A police report to the Goa administration, a copy of which is with Counterview, admits that daily 800 to 900 trucks ply through this route covering about 4,000 trips, transporting iron ore of six mining companies.
It says, “About 60 to 70 families residing at the starting point of these mines at Sonshi village next of the road are facing immense dust and sound pollution because of iron ore transportation”, adding, one of the mining companies has proposed to “increase 117 more trucks to ply through the same route.” Seeking change of route for the truckers, the report says, there also exists a school in this area, with transportation carried out next to the school. Pointing out that here “about 20 to 25 trucks ply in a minute through this road, leading to dust pollution”, it warns of “fatalities due to vehicular accident.”
Ravindra Vellip of mines, minerals & People (mm&P), a civil rights organization, who has taken up the tribals’ cause, says, the mining was being carried out in violation of the Supreme Court Judgment in Writ Petition 435 of 2012, in which it directed the Goa State Pollution Control Board (GSPCB) to “strictly monitor the air and water pollution in the mining areas.” Following an Aam Aadmi Party (AAP) gherao on April 26, the GSPCB, he says, “woke up from its long sleep, issuing “show cause notice to the mining companies at Sonshi.” Yet, shockingly, he adds, “The GSPCB itself allowed mining companies to violate its own norms and conditions for more than five months.”

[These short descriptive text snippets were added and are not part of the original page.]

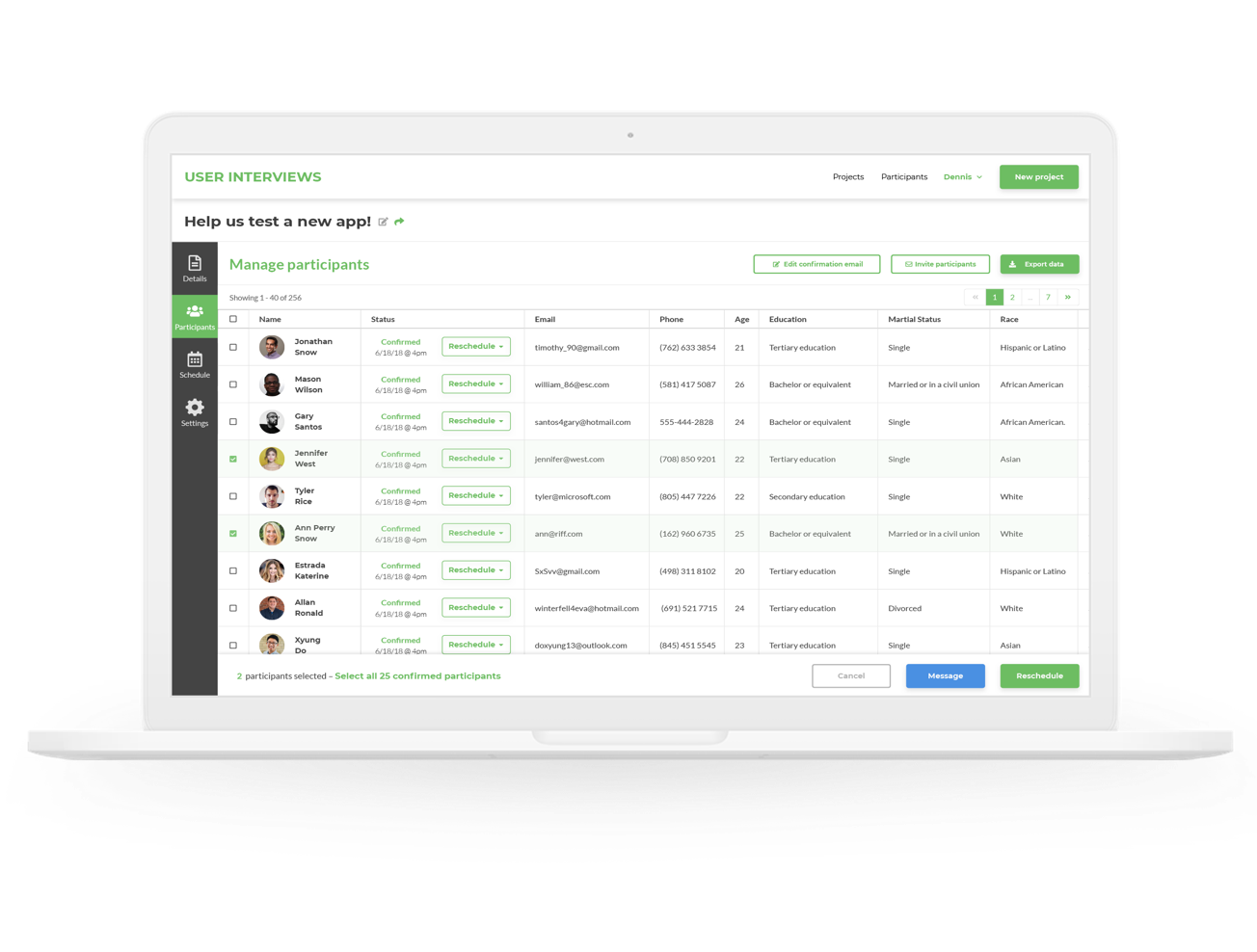 A preview of the User Interviews Dashboard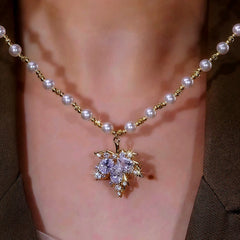 14K Gold-Plated Zircon Maple Leaf Pearl Necklace - beautiful Maple Leaf Lariat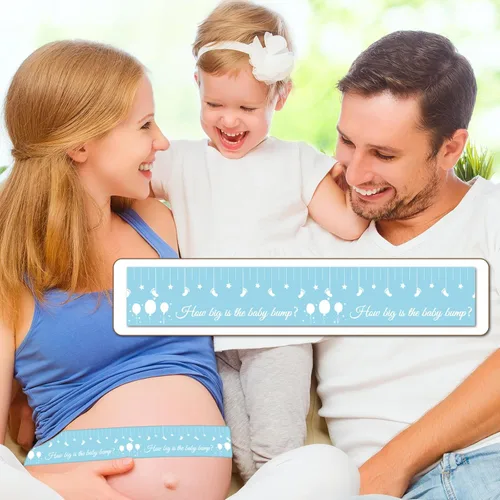 Vista 6 de Juegos de baby shower para género neutro How Big is Mommys Belly Tape de 150 pies de medida Cinta métrica de vientre embarazada oso Baby Shower Azul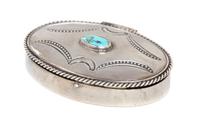 An American Silver Snuff Box, , of oval form, the lid having a gadrooned rim and centered with a turquoise cartouche.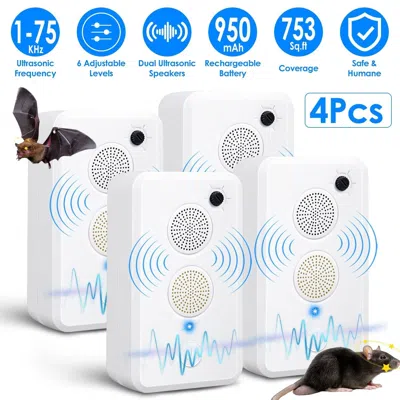 Eruule 4pack Options - Rechargeable Ultrasonic Bat Repellent Indoor Outdoor Bird Mouse Deterrent Device Wit In White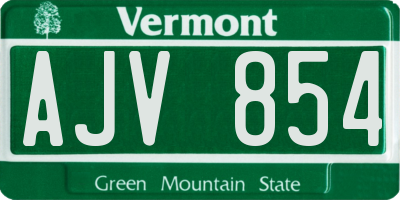 VT license plate AJV854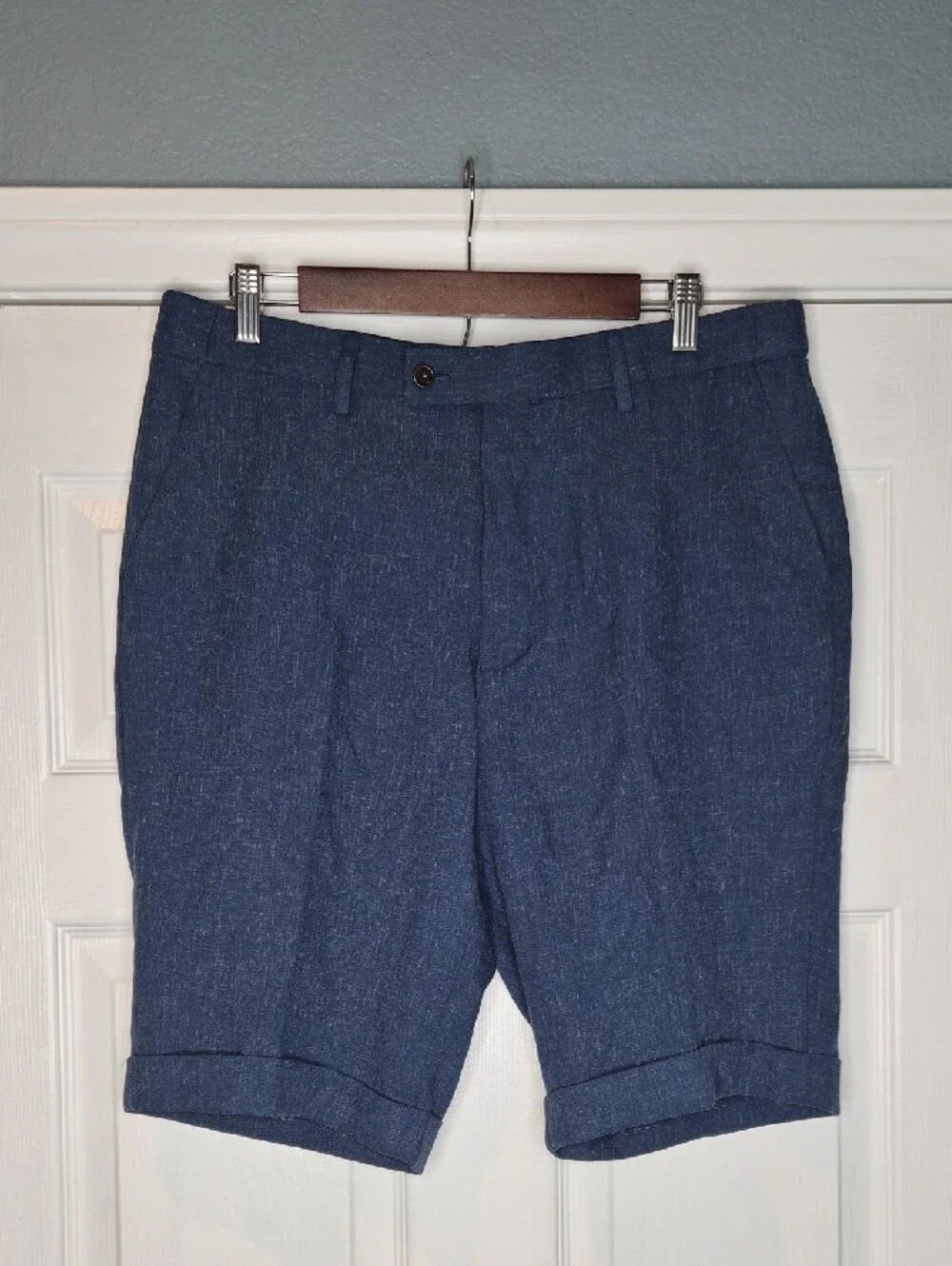 Men's Navy Blue Suit Vest & Shorts Set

Vellip says, “The questions arises, why did Sonshi villagers arrested? Why charges were filed against them and why they were kept in judicial lockup for about 9 days?”, underlining, “It was GSPCB who failed to act. It was the GSPCB who violated the basic fundamental right of Sonshi villagers, their right to life, to fresh air and water, right to live.”
A mm&P statement, quoting villagers, estimates that about 1,200 trucks ply daily converting about 10,000 to 12,000 daily trips through the village road, which means, “considering the average quantity of 10 tonne per truck, the total quantity of ore transported daily from six mining leases is approximately 0.1 MT per day.”
Meanwhile, in a letter to the Goa governor, with copies forwarded to the chief minister, the state police chief and senior officials of the state environment department, including the GSPCB, the local villagers have complained have sought immediate stopping of “illegal mining”.